**AVAILABLE DATA:**
########
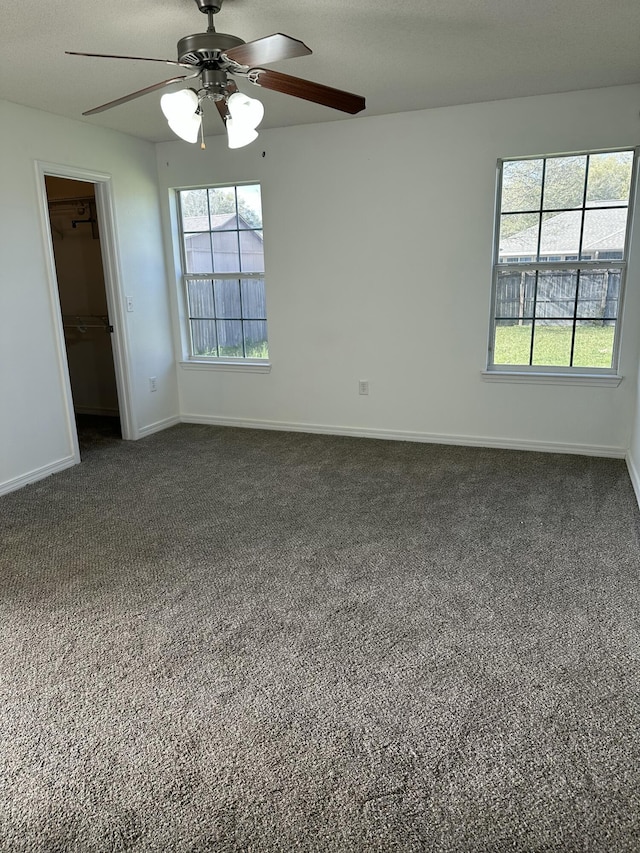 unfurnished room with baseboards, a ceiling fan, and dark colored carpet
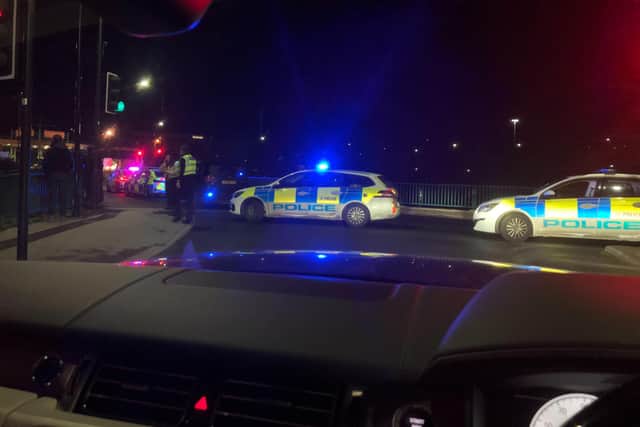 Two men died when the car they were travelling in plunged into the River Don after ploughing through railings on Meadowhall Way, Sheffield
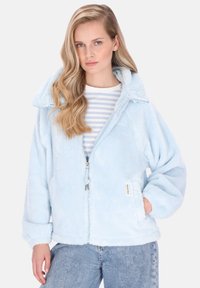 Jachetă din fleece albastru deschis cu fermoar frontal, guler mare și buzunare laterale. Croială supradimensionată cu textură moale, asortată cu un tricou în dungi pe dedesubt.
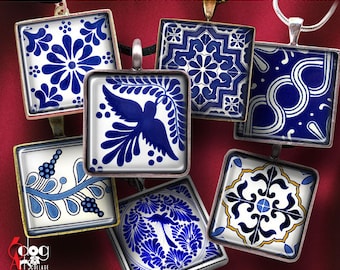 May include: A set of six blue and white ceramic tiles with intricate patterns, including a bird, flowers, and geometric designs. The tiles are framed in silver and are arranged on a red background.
########
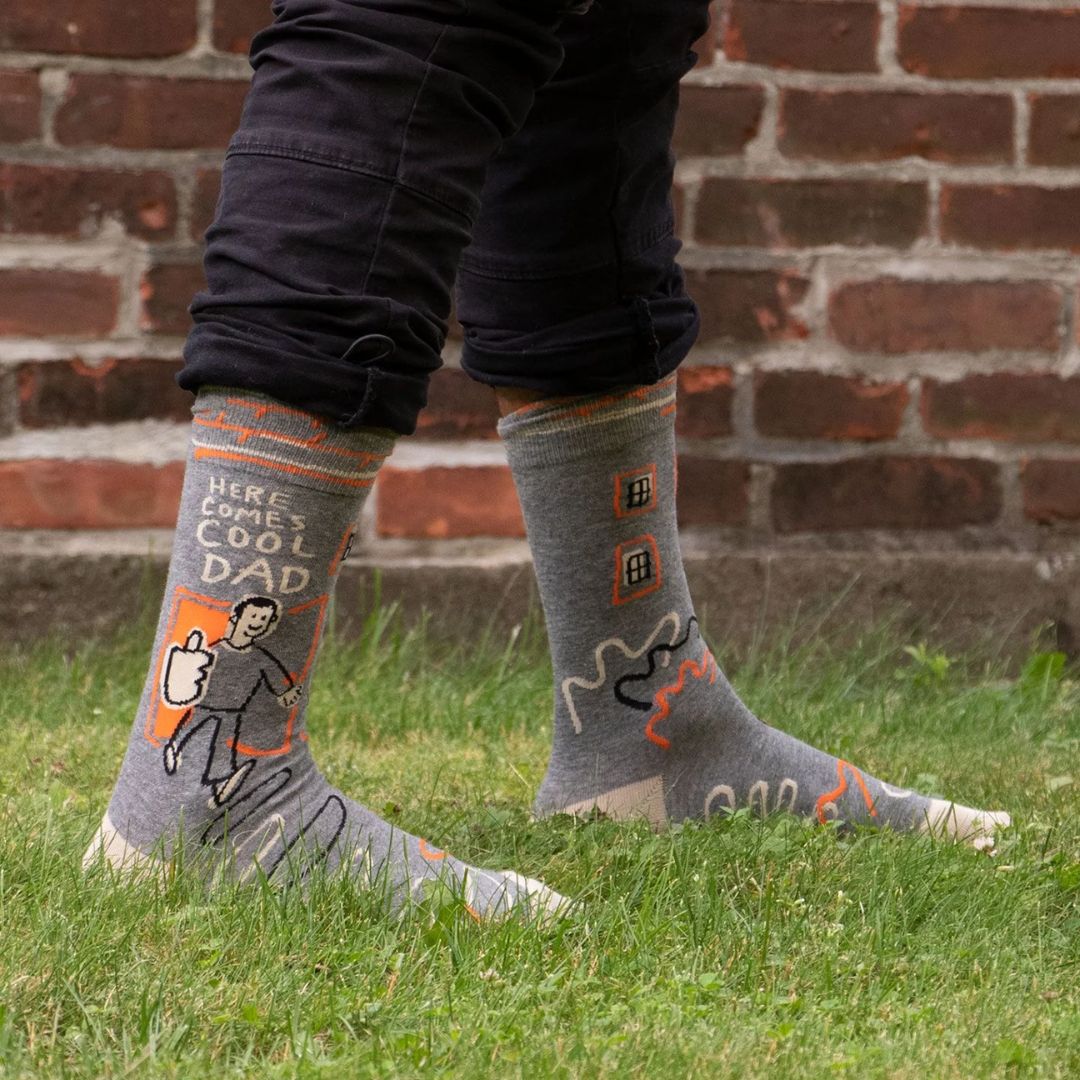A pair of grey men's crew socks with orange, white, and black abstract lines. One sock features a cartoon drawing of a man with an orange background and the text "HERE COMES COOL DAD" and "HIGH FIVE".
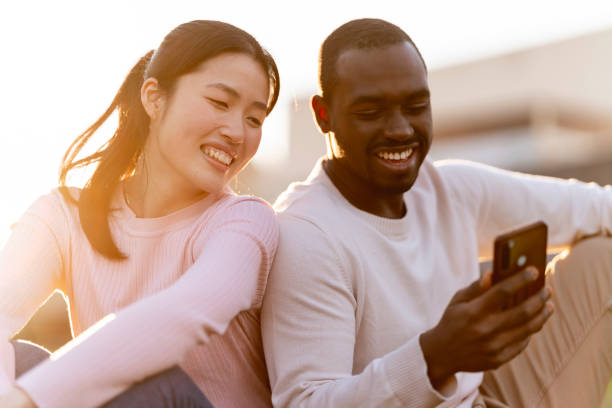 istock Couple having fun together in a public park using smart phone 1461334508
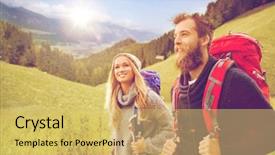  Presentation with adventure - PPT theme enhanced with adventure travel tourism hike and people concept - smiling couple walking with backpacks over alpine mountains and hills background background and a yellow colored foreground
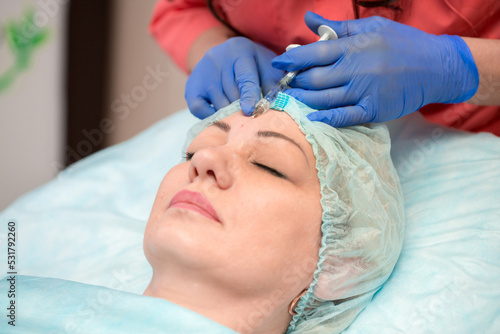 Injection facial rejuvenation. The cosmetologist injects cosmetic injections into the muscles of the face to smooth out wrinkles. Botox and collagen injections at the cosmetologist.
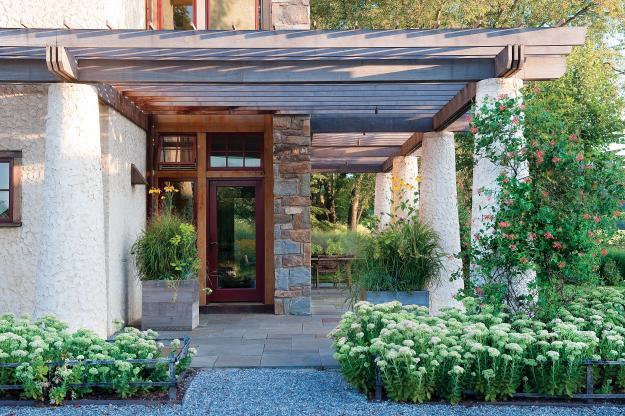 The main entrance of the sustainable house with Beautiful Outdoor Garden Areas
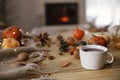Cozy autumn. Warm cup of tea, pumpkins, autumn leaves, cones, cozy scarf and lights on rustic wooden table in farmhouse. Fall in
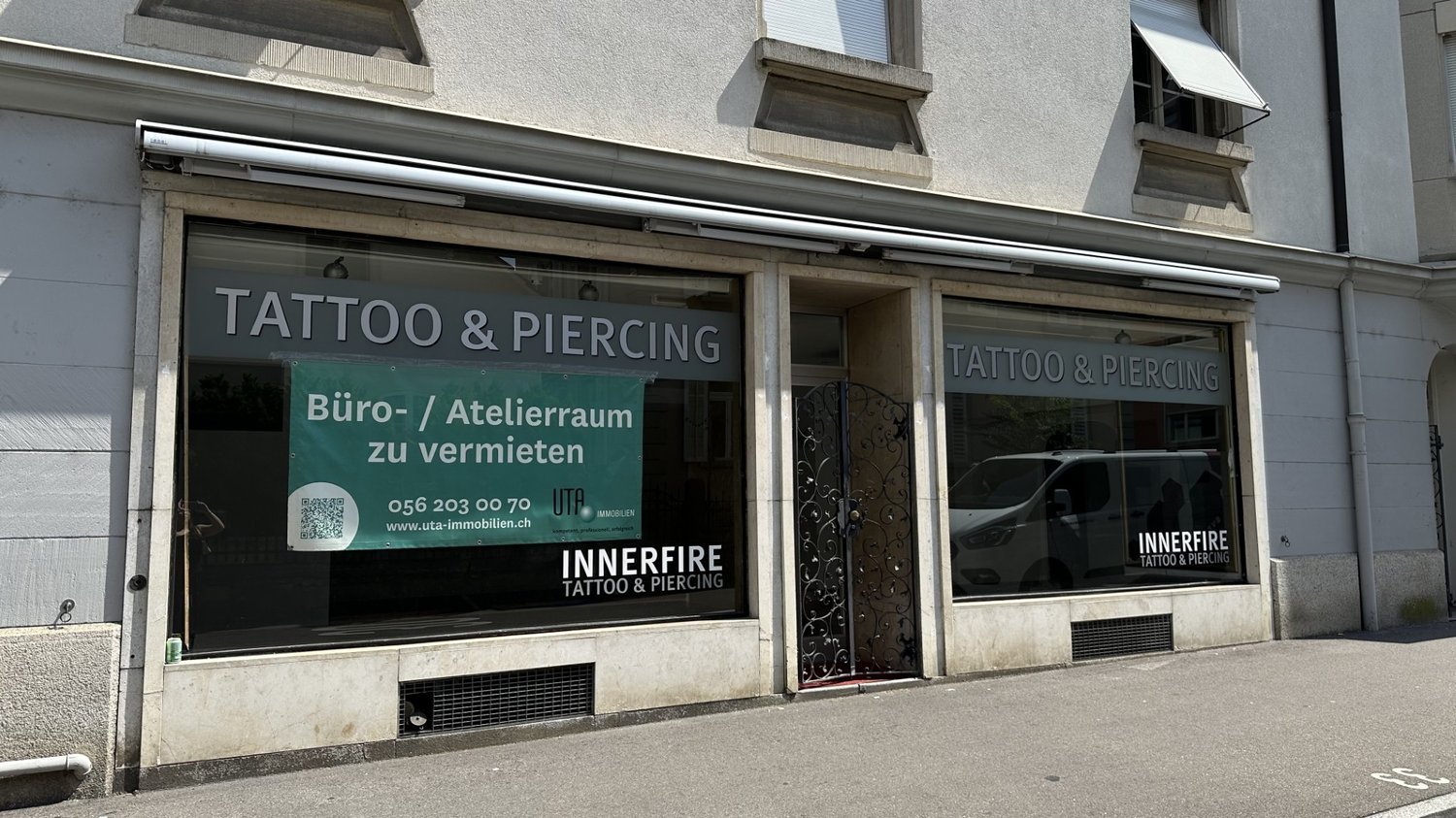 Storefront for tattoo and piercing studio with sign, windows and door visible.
########
**WHAT TO PRODUCE:**
For this task, return exactly the stretch of the listing above from the line with "istock Couple having" through the line with "Cozy autumn. Warm", inclusive and without pictures.

**RESULT OF THE EXERCISE:**
 istock Couple having fun together in a public park using smart phone 1461334508
  Presentation with adventure - PPT theme enhanced with adventure travel tourism hike and people concept - smiling couple walking with backpacks over alpine mountains and hills background background and a yellow colored foreground
 Injection facial rejuvenation. The cosmetologist injects cosmetic injections into the muscles of the face to smooth out wrinkles. Botox and collagen injections at the cosmetologist.
 The main entrance of the sustainable house with Beautiful Outdoor Garden Areas
Cozy autumn. Warm cup of tea, pumpkins, autumn leaves, cones, cozy scarf and lights on rustic wooden table in farmhouse. Fall in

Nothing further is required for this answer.